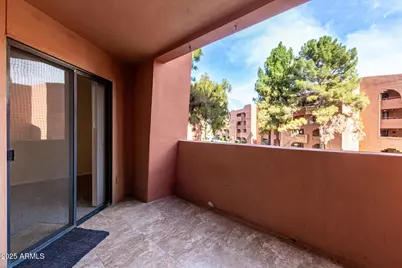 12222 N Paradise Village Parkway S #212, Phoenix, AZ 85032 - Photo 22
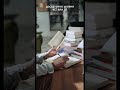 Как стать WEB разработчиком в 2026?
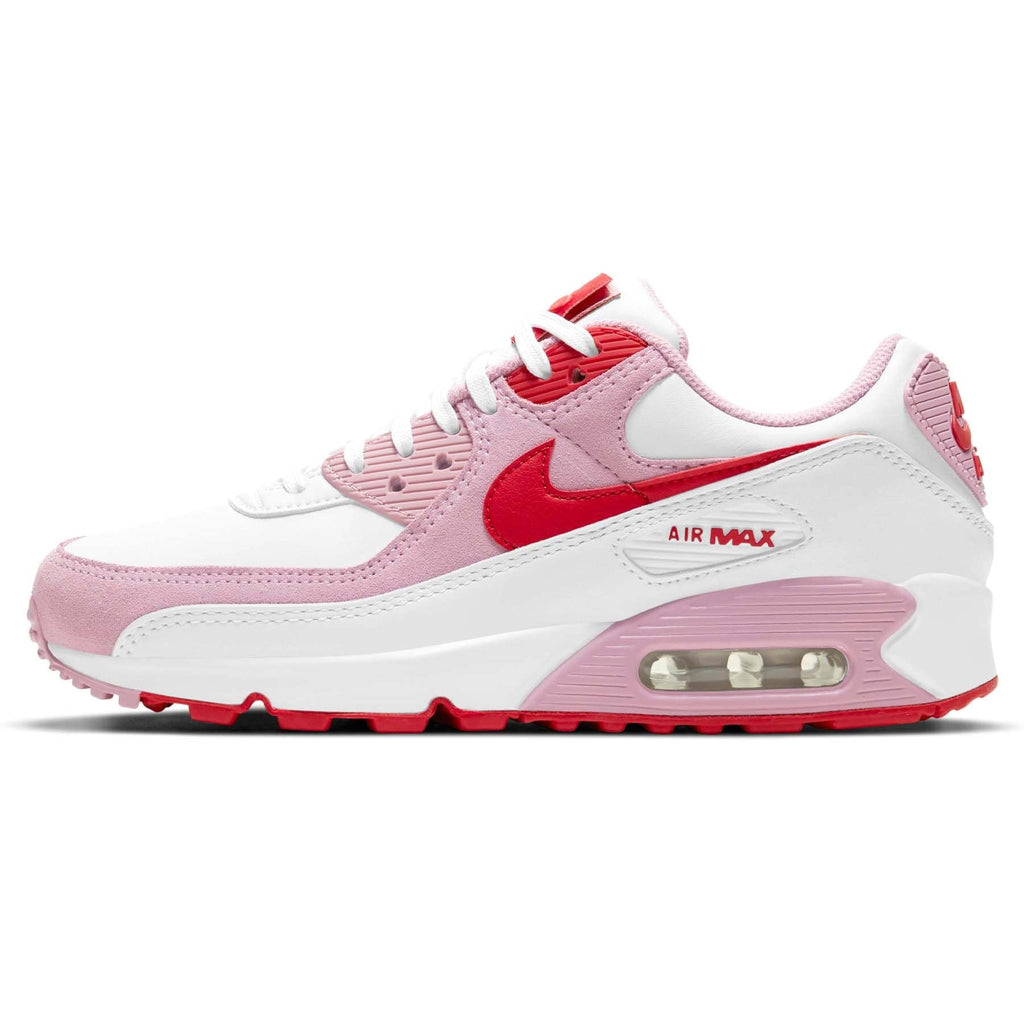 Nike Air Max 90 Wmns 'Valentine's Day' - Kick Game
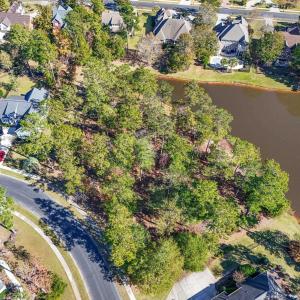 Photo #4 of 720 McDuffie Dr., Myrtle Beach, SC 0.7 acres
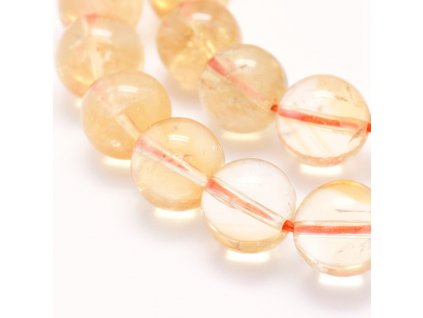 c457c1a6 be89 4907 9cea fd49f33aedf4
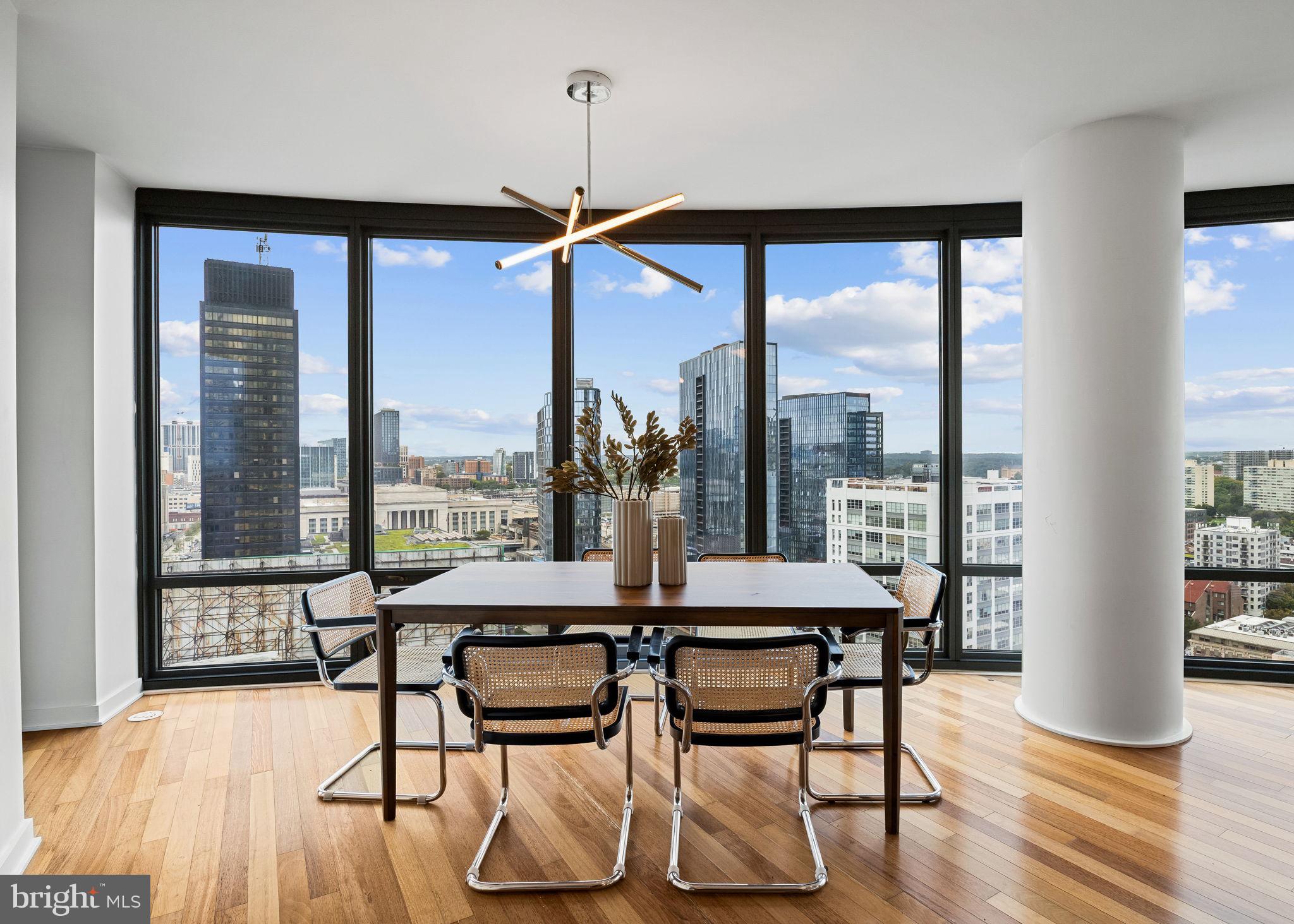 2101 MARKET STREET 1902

--

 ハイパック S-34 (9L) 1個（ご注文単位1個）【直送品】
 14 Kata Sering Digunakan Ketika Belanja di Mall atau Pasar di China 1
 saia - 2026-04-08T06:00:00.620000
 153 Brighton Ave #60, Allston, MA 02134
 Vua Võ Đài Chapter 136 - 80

### Task item
Beginning with the line containing "14 Kata Sering" and ending with the line containing "Vua Võ Đài Chapter 136 - 80", extract those lines exactly from the listing above, and only those.

### Answer box
 14 Kata Sering Digunakan Ketika Belanja di Mall atau Pasar di China 1
 saia - 2026-04-08T06:00:00.620000
 153 Brighton Ave #60, Allston, MA 02134
 Vua Võ Đài Chapter 136 - 80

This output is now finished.